Methods : Primary NTM and GTM cells were characterized by standard methods. A vesicle transfer assay was used to quantitate communication via TNTs by TM cells with and without mechanical stretch. Western blots were performed to quantitate the levels of Myo10 after mechanical stretching of TM cells. Colocalization of Myo10 and PILS proteins was measured using Imaris software analysis of confocal images. A Duolink assay was used to quantitate the colocalization of Myo10 and PILS proteins in response to mechanical stretch. ANOVA was used to test significance.

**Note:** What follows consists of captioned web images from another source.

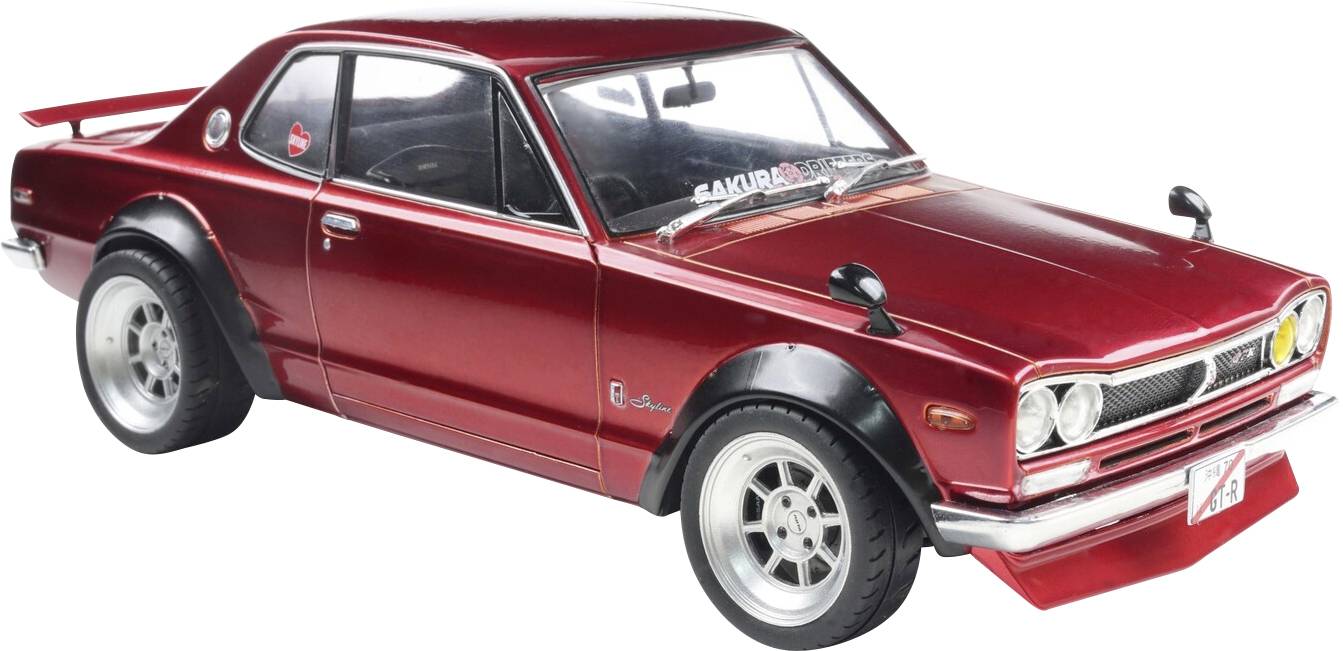 Červený vintage sportovní vůz s širokými koly a elegantní designem karoserie, který předvádí svůj klasický retro styl.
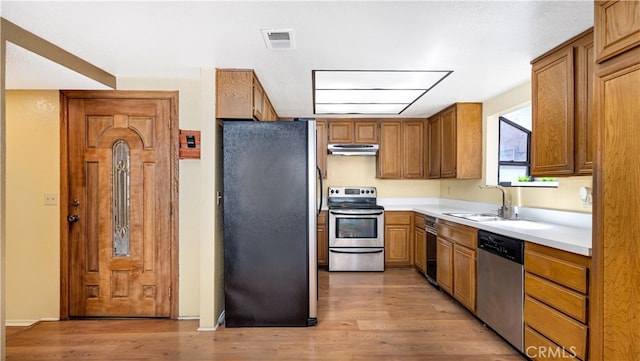 kitchen with stainless steel appliances, light wood-type flooring, and sink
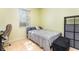 Small bedroom with a light wood floor, a black storage shelf, and a window at 422 W Division St, Clermont, FL 34715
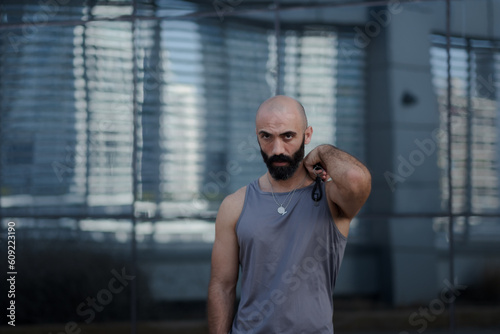 With one hand on his shoulder, a man poses for a portrait in a sleeveless shirt. He is wearing athletic wear, and has a toned physique. A touch of gray in his beard expresses he is a middle-aged man. photo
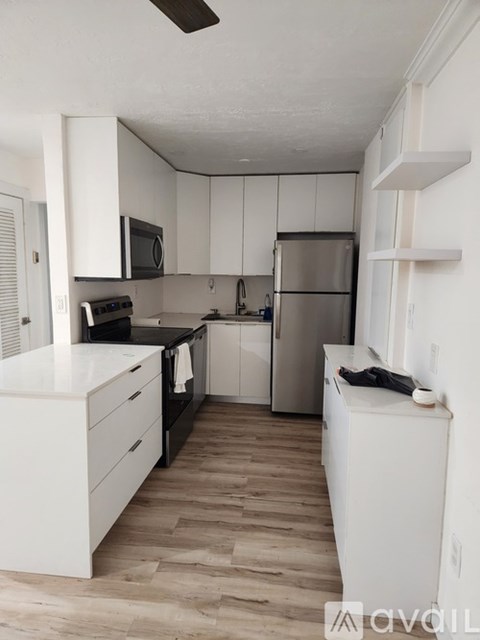 A kitchen with white cabinets and a wooden floor.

Results : NTM and GTM cells were mechanically stretched for 24 hours. Both NTM and GTM reduced vesicle transfer via TNTs by 23% and 20%, respectively (N=28-35; p≤0.01). Myo10 protein levels were increased by 6% in stretched GTM cells compared to NTM cells (n=10; p=0.04). PILS proteins include matrix metalloproteinases (MMPs) and integrins. Myo10 colocalized strongly with integrin-β1 (Pearson’s value = 0.4) in both NTM and GTM cells, as well as MMP2 and MMP14. A Duolink assay showed that MMP2 and MMP14 were significantly more associated in mechanically stretched NTM cells (n=3; p=0.0001). Similarly, Myo10 and integrin-αVβ3 became significantly more associated (p=0.003), but Myo10-integrin-α5β1 interactions were unaffected.

Conclusions : Colocalization of the actin-binding protein Myo10 with PILS proteins suggests coordination of the actin cytoskeleton with specific proteins of the ECM degradation complex in response to mechanical stretch. Our vesicle transfer results suggest that actin-rich TNTs are reduced in both NTM and GTM cells in response to stretch. This suggests that communication via TNTs may be more important for normal homeostasis of TM cells than for relaying signals related to changes in IOP.

This is a 2020 ARVO Annual Meeting abstract.